Thursday, May 2, 2024

SECU RBL - Whose Side Are You On?  ... whose point of view?

As with most things in life, there are two ways to look at a loan - from the borrower's point of view and from the lender's point of view. 

For borrowers, the hope is that a loan will help improve their lives - better house or car, educational opportunities and braces for the kids, pay taxes, dream cruise, fix the fridge, keep the lights on.  Borrowers come to lenders with a goal, with a purpose. They don't just drop by to enjoy "the experience"!  

In banking, the purpose of the lender is to make a profit; at a credit union the purpose should be to make a difference.  

Borrowing at a bank is an "adversarial transaction". The banker and the  borrower have different purposes. The goal of the banker is to make the most profit possible from the loan for the bank - nothing wrong with that. The bank borrower wants the best terms and lowest cost possible. In commercial banking, both banker and borrower are generally financially knowledgeable and skilled in negotiation. It's a "fair fight".
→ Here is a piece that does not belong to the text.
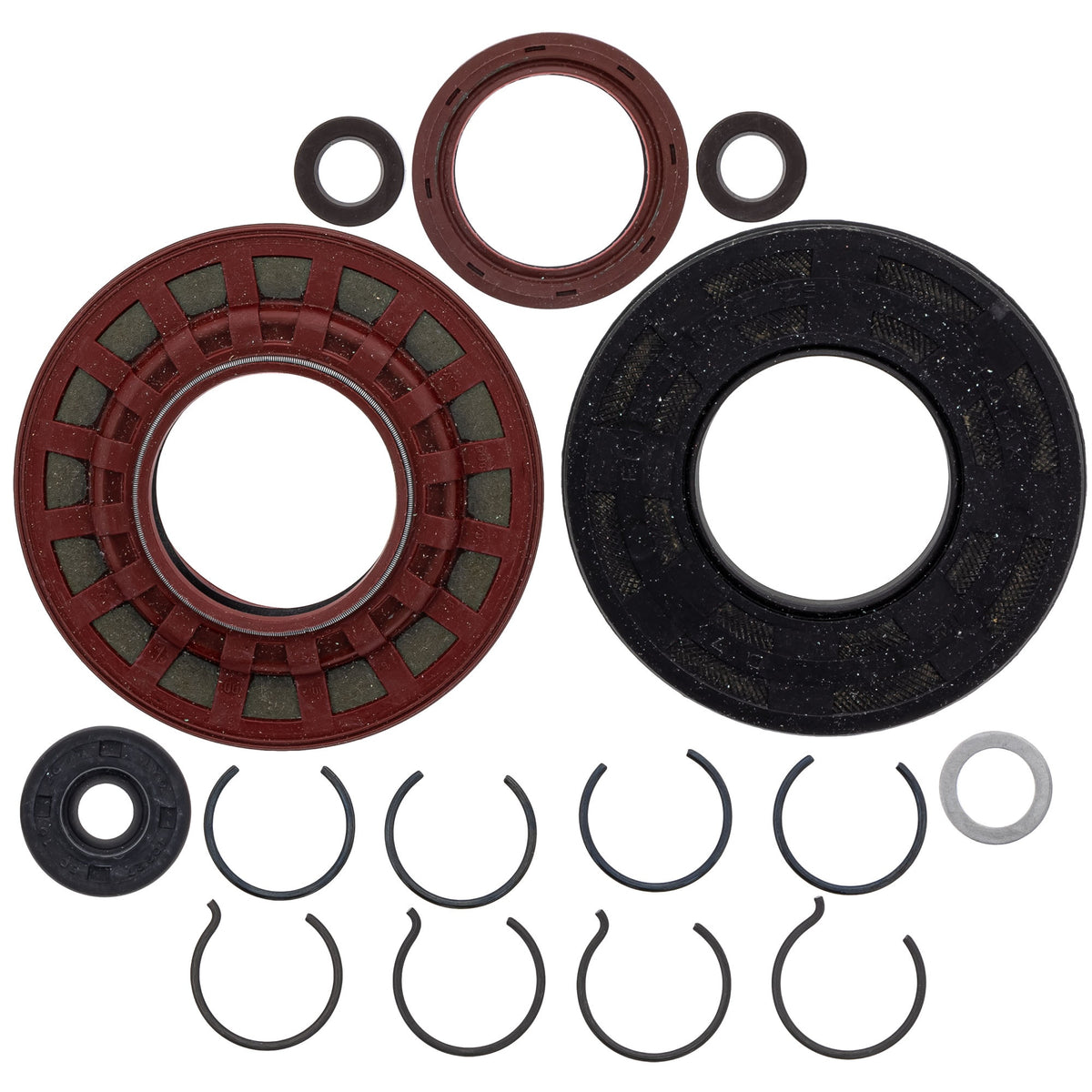 BRP Engine Gasket Set 420888603 alternate view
At a credit union, the goals of the borrower and the lender should be the same.  After all, the loan officer works for the members, who own the credit union. And, the credit union was created not to profit from the membership. In consumer lending, the credit union loan officer is generally more financially knowledgeable than the borrowing member. Members rely on the loan officer to represent their best interests, to craft the best solution for their loan requests - to "Do the Right Thing". The transaction should be one of trust, not adversarial. SECU no longer seems to understand the meaning of trust.   
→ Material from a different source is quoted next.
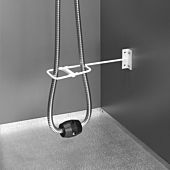 3693-00 Schlauchbrausenabweiser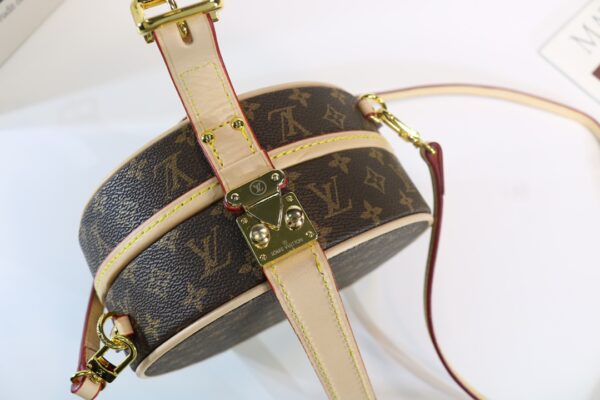 LOUIS VUITTON BOITE CHAPEAU SOUPLE MM M45647 - Image 3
The credit union loan officer should seek only to make a sound loan which is of benefit to the member - and which will be repaid without hardship by the member.     
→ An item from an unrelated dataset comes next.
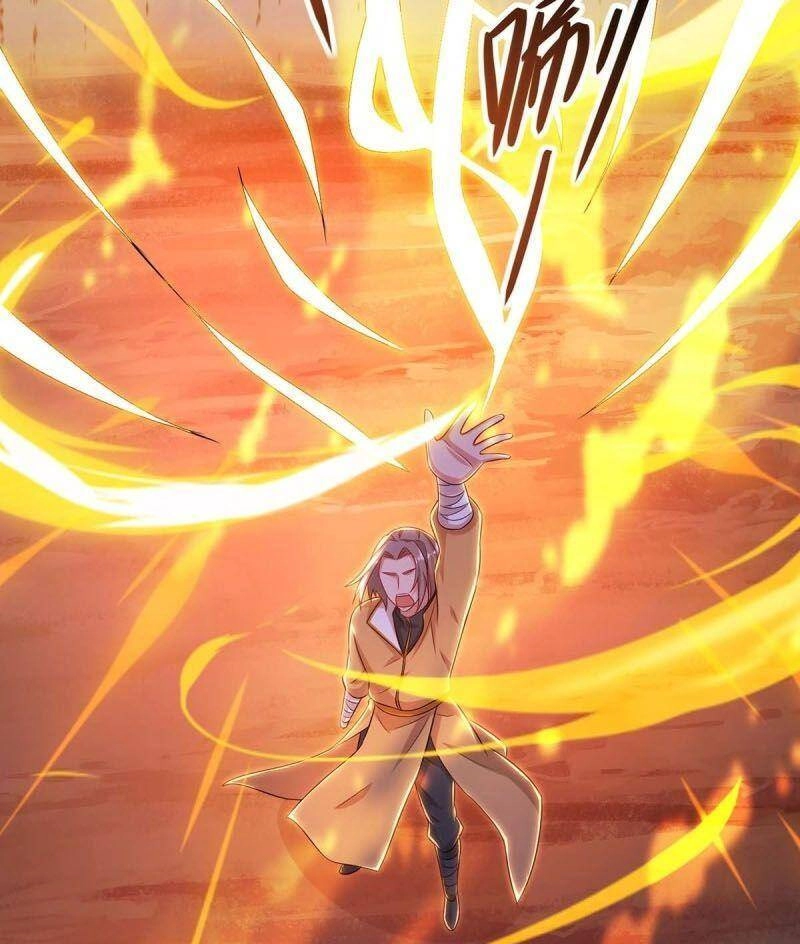 Trọng Sinh Sau Tám Vạn Năm Chapter 199 - 9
So, from yesterday's post [link]: "If a loan defaults at SECU and a loss occurs, who made "the bad loan" - the member or SECU?"

😎 "The growing lending snafus - costing you as an SECU member over $100 million+++ per year - is not a minor fiduciary matter." 

"Somebody's" not doing their job - responsibly! Every member is losing...

... RBL $100 million+ losses is "Really Bad Lending" from every members' point of view!